- [SUPPLIED RECORDS]:
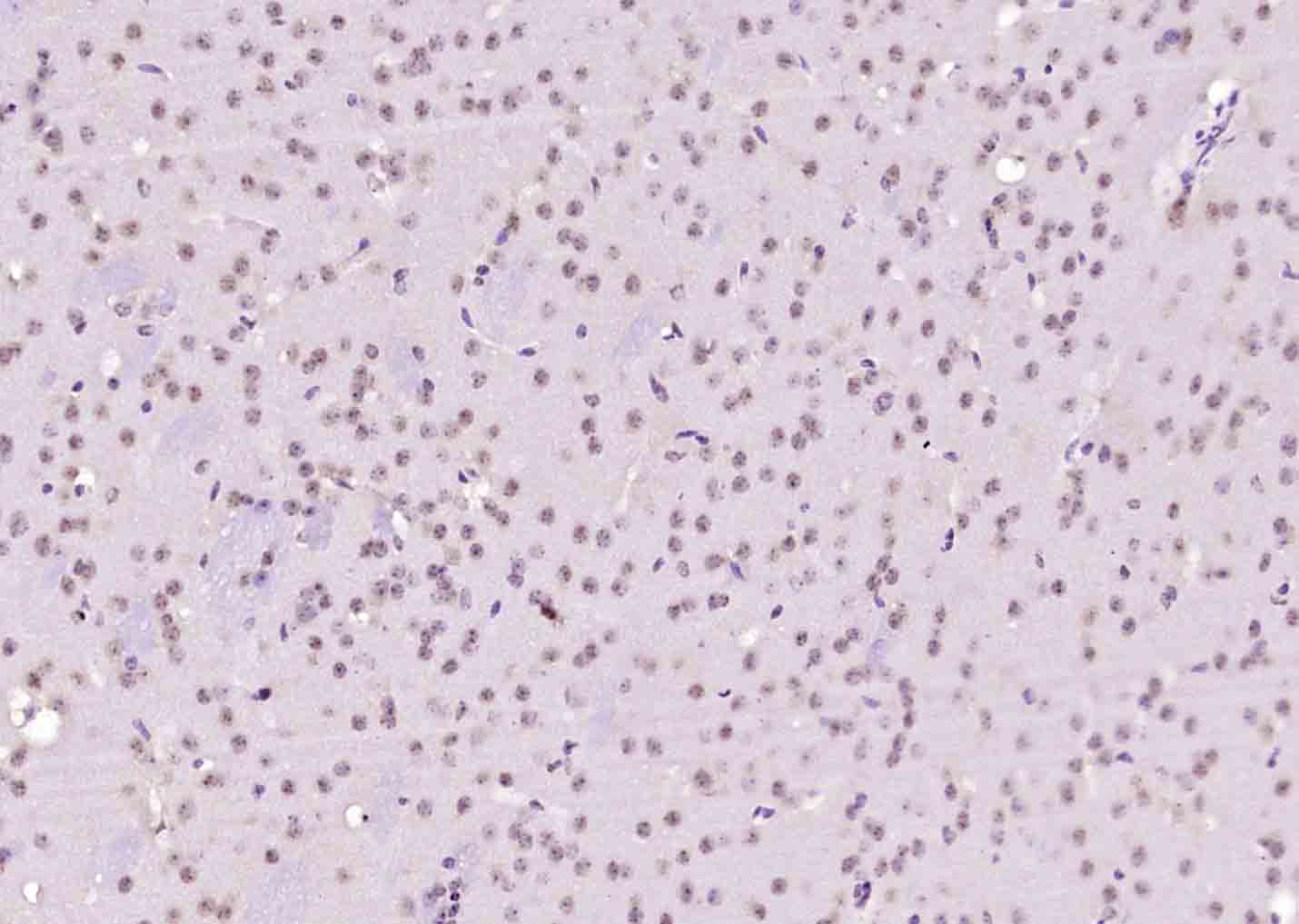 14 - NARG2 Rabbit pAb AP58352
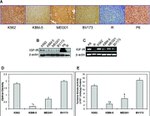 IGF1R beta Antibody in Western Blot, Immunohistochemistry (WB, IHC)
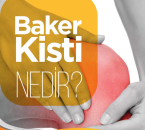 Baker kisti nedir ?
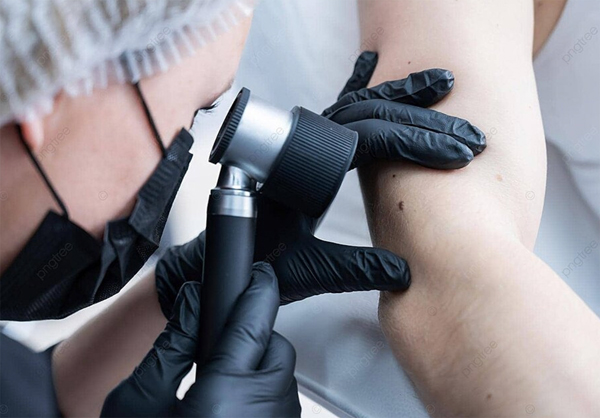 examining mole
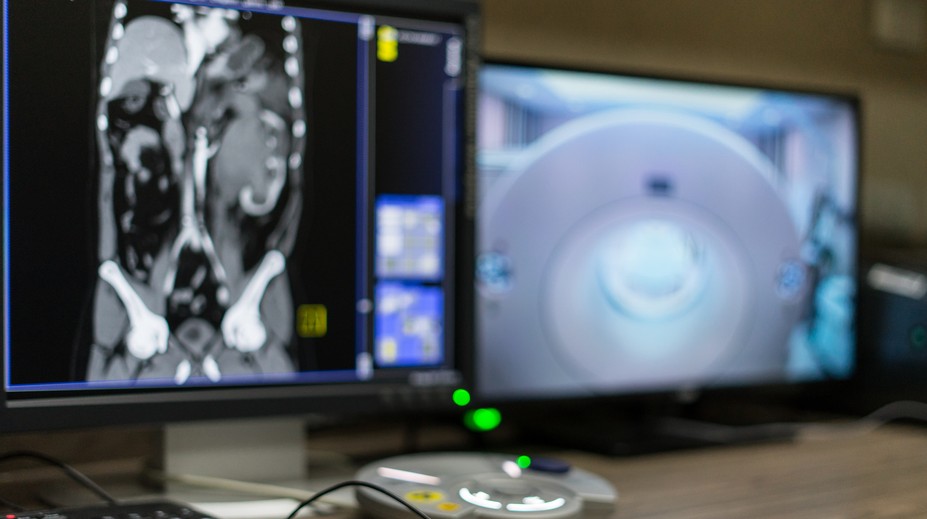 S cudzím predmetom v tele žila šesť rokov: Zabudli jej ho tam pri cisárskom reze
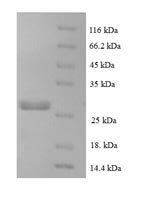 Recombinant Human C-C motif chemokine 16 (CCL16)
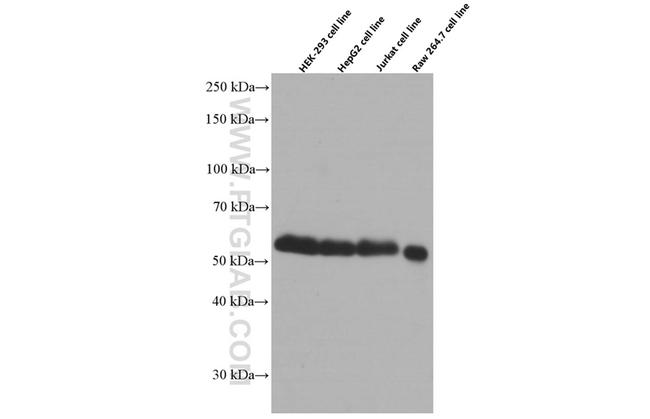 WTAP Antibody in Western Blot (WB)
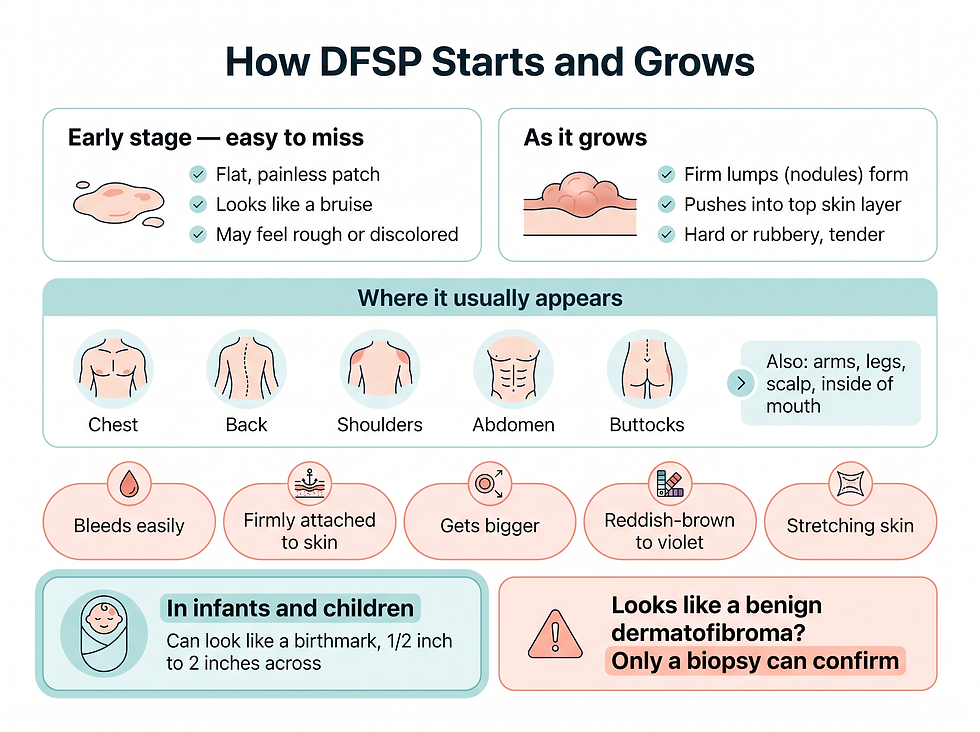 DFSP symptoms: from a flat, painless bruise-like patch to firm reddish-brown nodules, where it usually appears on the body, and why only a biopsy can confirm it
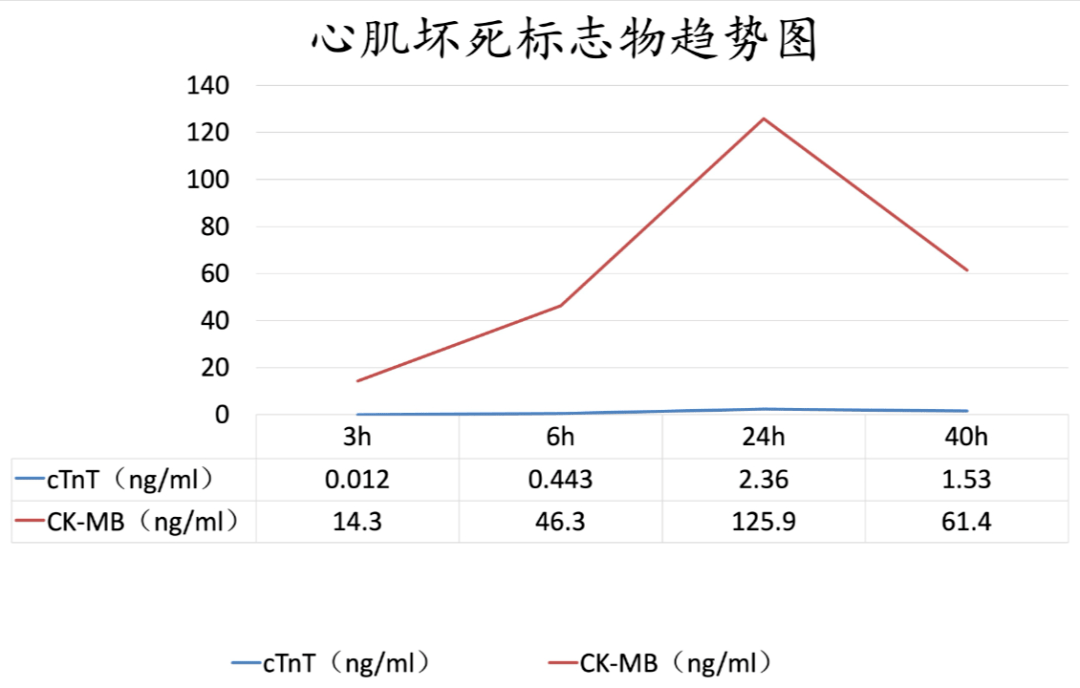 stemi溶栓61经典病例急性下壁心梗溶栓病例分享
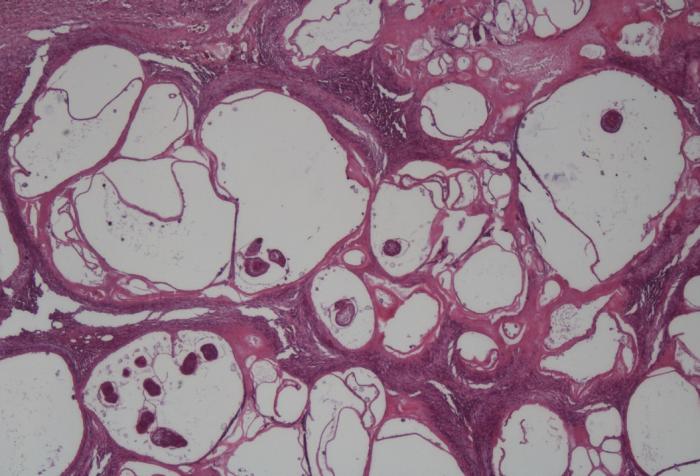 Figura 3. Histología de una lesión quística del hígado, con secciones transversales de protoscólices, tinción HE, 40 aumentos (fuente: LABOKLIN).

- [EXERCISE DETAILS]: Your copy should hold exactly the lines from the one with "Baker kisti nedir ?" through the final line of the records, both ends included, and no pictures.

- [RESULT FOR THIS TASK]:
 Baker kisti nedir ?
 examining mole
 S cudzím predmetom v tele žila šesť rokov: Zabudli jej ho tam pri cisárskom reze
 Recombinant Human C-C motif chemokine 16 (CCL16)
 WTAP Antibody in Western Blot (WB)
 DFSP symptoms: from a flat, painless bruise-like patch to firm reddish-brown nodules, where it usually appears on the body, and why only a biopsy can confirm it
 stemi溶栓61经典病例急性下壁心梗溶栓病例分享
 Figura 3. Histología de una lesión quística del hígado, con secciones transversales de protoscólices, tinción HE, 40 aumentos (fuente: LABOKLIN).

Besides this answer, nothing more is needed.